L’expérience fut donc courte pour certains cadres, désœuvrés et finalement retournés à leur ordinateur. Pas si grave, car ce n’est pas tant de renfort de main d’œuvre dont Cheerz a besoin. L’entreprise n’a pas de difficulté à recruter des saisonniers, 40% de ses travailleurs temporaires viennent au moins pour la deuxième fois, via des boîtes d’intérim ou l’application StaffMe. Cette rencontre entre les cadres et les ouvriers de l’entreprise permet surtout d’améliorer le processus de production. «Car le principe des procédés industriels demeure que l’on ne prend pas forcément le recul nécessaire face à nos pratiques quotidiennes», analyse Cécilia. «Un œil neuf, permet de rectifier des choses auxquelles on ne pense pas», abonde Matthieu directeur des sites industriels de Cheerz.

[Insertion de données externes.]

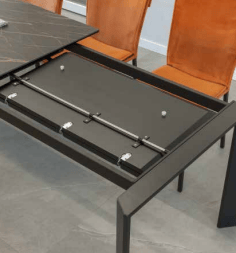 Piastrelle in ceramica Quadro di La Seggiola con motivo geometrico, mostra dettagli e colori eleganti.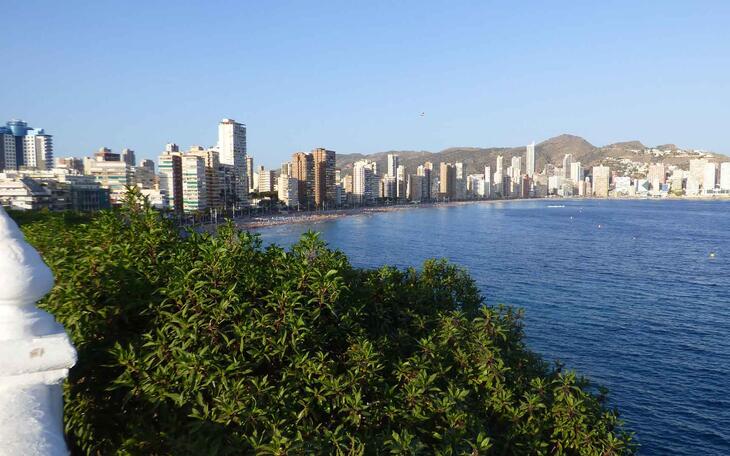 Benidorm medirá su huella hídrica mediante una plataforma que calculará las demandas de agua de los diferentes sectores económicos
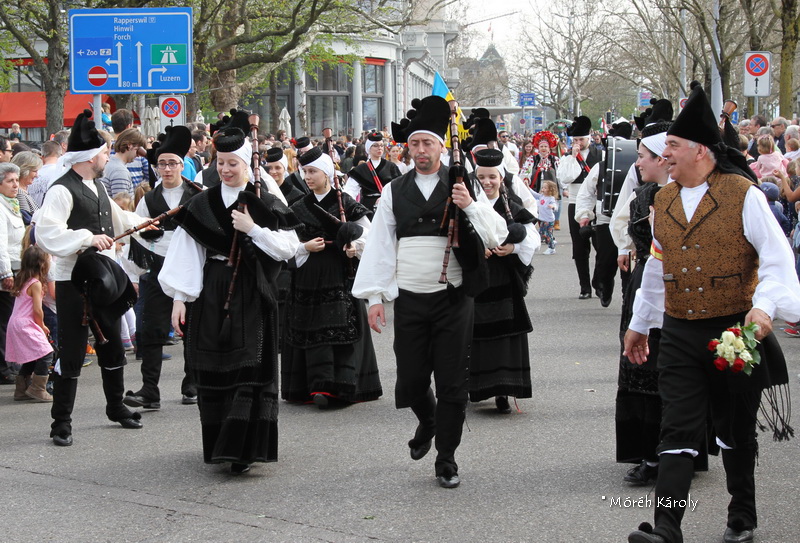gyerekvonulas 18 062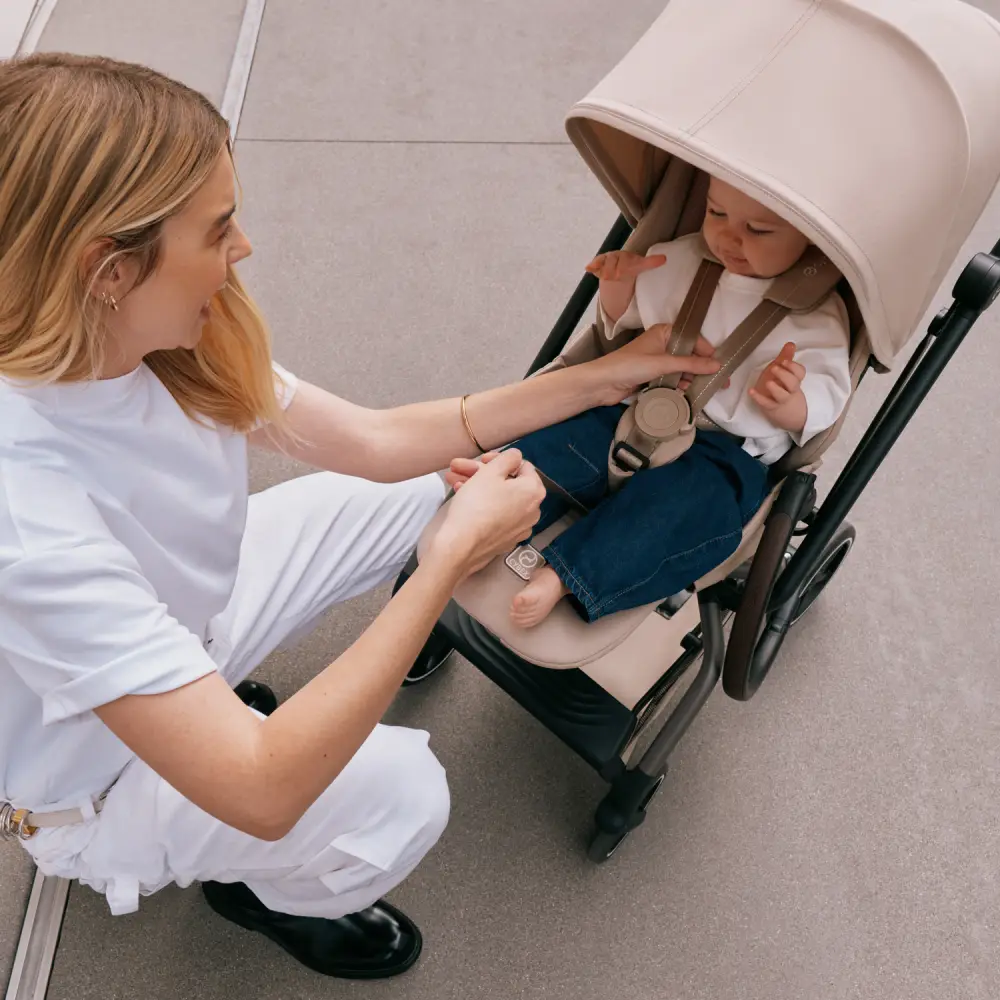 Cybex EEZY S TWIST -rattaat + 2 TPE-turvaistuinta, Almond Beige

L’année dernière notamment, les cadres devenus succinctement préparateurs de commandes, avaient remarqué que «le positionnement» des armoires de stockage, «ne permettait pas de circuler efficacement». «On faisait beaucoup trop de pas inutilement», le podomètre de son téléphone «s’en souvient», témoigne Emma. Banco ! Les fameuses armoires ont depuis été repositionnées, ne laissant plus d’espace aux mouvements inutiles. Là aussi, la méthode est toujours bien huilée. Les «gens du siège» font un retour, les problèmes identifiés sont posés et un groupe de travail met en place une solution. A contrario, les cadres sont preneurs de «l’expérience produit» venus des ouvriers de la chaîne de production. Mathis, développeur informatique, a notamment pris la mesure «des répercussions», que peut avoir son travail «sur le travail final en usine». Et encore banco ! Il a développé un outil permettant d’imprimer en recto-verso, sans avoir besoin d’effectuer un collage manuel en usine.
Miser sur la culture d’entreprise et la bonne ambiance
Au-delà des ajustements techniques, ces journées permettent de développer le lien humain et de bonnes conditions de travail, insiste-t-on en interne. Et, en effet, les espaces dédiés aux pauses reprennent les codes de la start-up : baby-Foot, thé ou café à disposition, espace de sieste, et même jeu d’arcade. «C’est très important pour l’esprit d’équipe, de créer du lien entre ceux qui pensent les produits et ceux qui les produisent», résume Ana, directrice générale de Cheerz, tout en expliquant que, pour limiter la charge mentale pendant «les périodes de rush, le déjeuner est fourni». Des pratiques, qui, dans un premier temps, ont surpris Moegni, cariste et travailleur temporaire. Il n’avait jamais vécu cela dans les autres entreprises où il a exercé. «Il n’y a rien à redire» observe le cariste, depuis son intégration. Cheerz semble avoir trouvé sa méthode pour faire face au surcroît d’activité auquel doivent faire face les entreprises concernées par les produits «sapin de Noël». «On se transforme en lutin, et cela donne du sens à notre activité», résume la direction de Cheerz. En prime, une petite vidéo compilant les meilleurs moments de cette période de fêtes, sera montée et offerte aux salariés, en souvenir.